== Available data ==
————

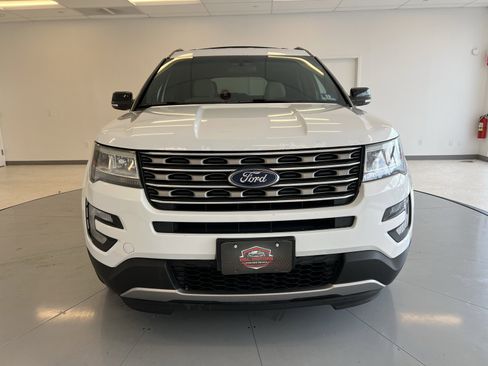 Used 2017 Ford Explorer XLT image 2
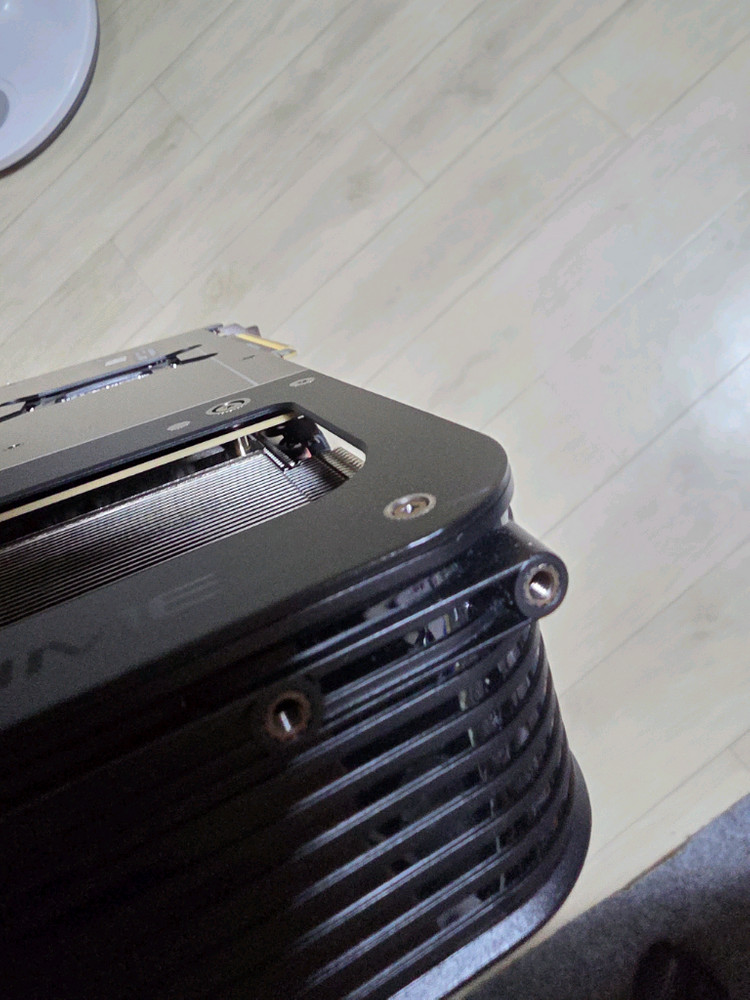 ASUS RTX 5070ti Prime 이미지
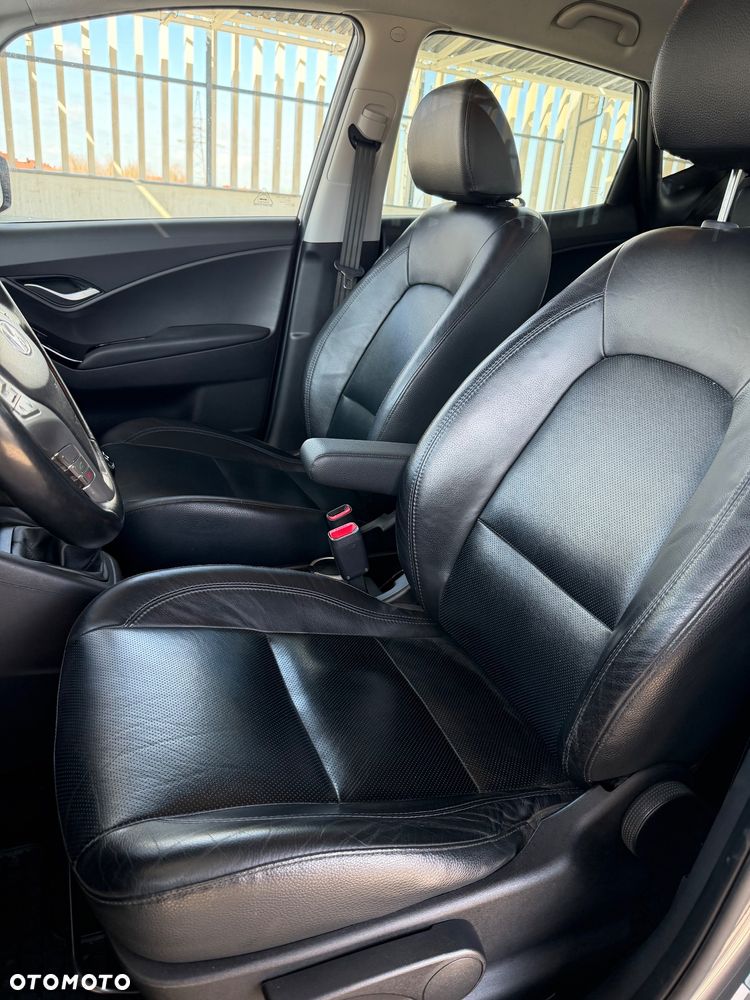 Hyundai ix20 1.4 Premium - 11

————

== Try it ==
None of the pictures should appear; copy the rest of the material above exactly.

== Answer section ==
 Used 2017 Ford Explorer XLT image 2
 ASUS RTX 5070ti Prime 이미지
 Hyundai ix20 1.4 Premium - 11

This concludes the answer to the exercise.